Il rapporto tra referendari e sinistra
Da qualche giorno mi sforzo di capire se e quando il coming out referendario di Berlusconi spingerà il Pd a rivedere la sua posizione (votare sì per poi cambiare la legge in parlamento), essendo chiaro come il sole, a questo punto, che: a) Berlusconi sta pensando di fare campagna per il Sì perché vuole proprio la legge che uscirebbe dal referendum; b) che una maggioranza parlamentare alternativa per cambiare quella legge non c’è e non ci sarà mai, non foss’altro perché non ci starebbe nemmeno buona parte del Pd, dove referendari veltroniani e ulivisti sono invece ansiosissimi di portare a compimento la tanto sospirata riforma bipartitica. A forza di rifletterci, però, ho capito che almeno su una cosa sono io che sbaglio, perché parlare di coming out referendario di Berlusconi è scorretto. Semmai, si dovrebbe parlare di coming out berlusconiano dei referendari. Una differenza non da poco, che la dice lunga sull’antico rapporto siamese tra sinistra italiana e quel vasto arcipelago composto di veltroniani, prodiani, professori e profeti della “società civile” che da anni dettano la linea dalle colonne di Repubblica, dai salotti televisivi perbene, e da tante altre parti. Un rapporto (e un coming out) che mi pare perfettamente esemplificato da questa vignetta, che pesco dall’altra parte dell’oceano, e cioè da quell’America Latina verso cui ci stiamo rapidamente incamminando.

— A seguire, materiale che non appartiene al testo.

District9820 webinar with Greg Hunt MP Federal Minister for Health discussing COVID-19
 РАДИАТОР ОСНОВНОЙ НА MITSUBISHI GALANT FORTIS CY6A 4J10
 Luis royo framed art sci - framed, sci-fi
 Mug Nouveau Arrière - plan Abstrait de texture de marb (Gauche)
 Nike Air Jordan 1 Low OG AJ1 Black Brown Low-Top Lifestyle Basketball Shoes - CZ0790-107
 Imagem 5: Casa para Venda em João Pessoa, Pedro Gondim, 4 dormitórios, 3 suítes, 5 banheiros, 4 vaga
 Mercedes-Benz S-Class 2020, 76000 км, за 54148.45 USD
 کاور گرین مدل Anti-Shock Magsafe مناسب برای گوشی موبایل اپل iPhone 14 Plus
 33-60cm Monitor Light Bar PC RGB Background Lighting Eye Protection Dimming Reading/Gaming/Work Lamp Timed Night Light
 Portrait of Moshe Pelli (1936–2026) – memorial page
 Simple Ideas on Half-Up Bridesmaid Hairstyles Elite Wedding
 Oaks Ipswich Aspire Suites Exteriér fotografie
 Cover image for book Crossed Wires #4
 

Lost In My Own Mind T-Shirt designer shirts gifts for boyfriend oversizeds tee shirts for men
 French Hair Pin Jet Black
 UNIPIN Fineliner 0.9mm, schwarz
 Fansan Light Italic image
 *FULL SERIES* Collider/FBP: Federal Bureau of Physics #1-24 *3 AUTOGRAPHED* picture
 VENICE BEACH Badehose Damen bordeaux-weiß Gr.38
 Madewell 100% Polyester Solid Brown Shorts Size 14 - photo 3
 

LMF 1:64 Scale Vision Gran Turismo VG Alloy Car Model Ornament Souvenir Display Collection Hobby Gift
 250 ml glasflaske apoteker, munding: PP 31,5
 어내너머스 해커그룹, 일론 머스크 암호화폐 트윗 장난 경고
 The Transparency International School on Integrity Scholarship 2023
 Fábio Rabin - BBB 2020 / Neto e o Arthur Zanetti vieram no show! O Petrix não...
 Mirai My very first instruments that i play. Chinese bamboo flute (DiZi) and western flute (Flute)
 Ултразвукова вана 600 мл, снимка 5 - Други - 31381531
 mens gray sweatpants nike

franceschini a katzullo, oggi sul corriere
Sempre dall’interno del Pd, in particolare dagli ambienti vicini a Rutelli, viene la richiesta di cambiare linea sul referendum elettorale: il sì rafforzerebbe Berlusconi.
«Anche qui: serietà. Il referendum ci chiede se abolire o no la legge che il suo stesso autore ha definito ‘una porcata’. La risposta di chi ha contrastato questa legge non può che essere sì. La direzione del Pd ha approvato questa linea con oltre cento voti contro cinque. Tornare indietro per una battuta detta da Berlusconi camminando nelle vie di Varsavia significherebbe non essere un partito, ma solo un gruppo di persone impaurite ».
Il Pdl avverte che, se vince il sì, non si farà una nuova legge elettorale.
«Dimentica di avere 271 deputati su 630. Gli altri potrebbero decidere di farla ».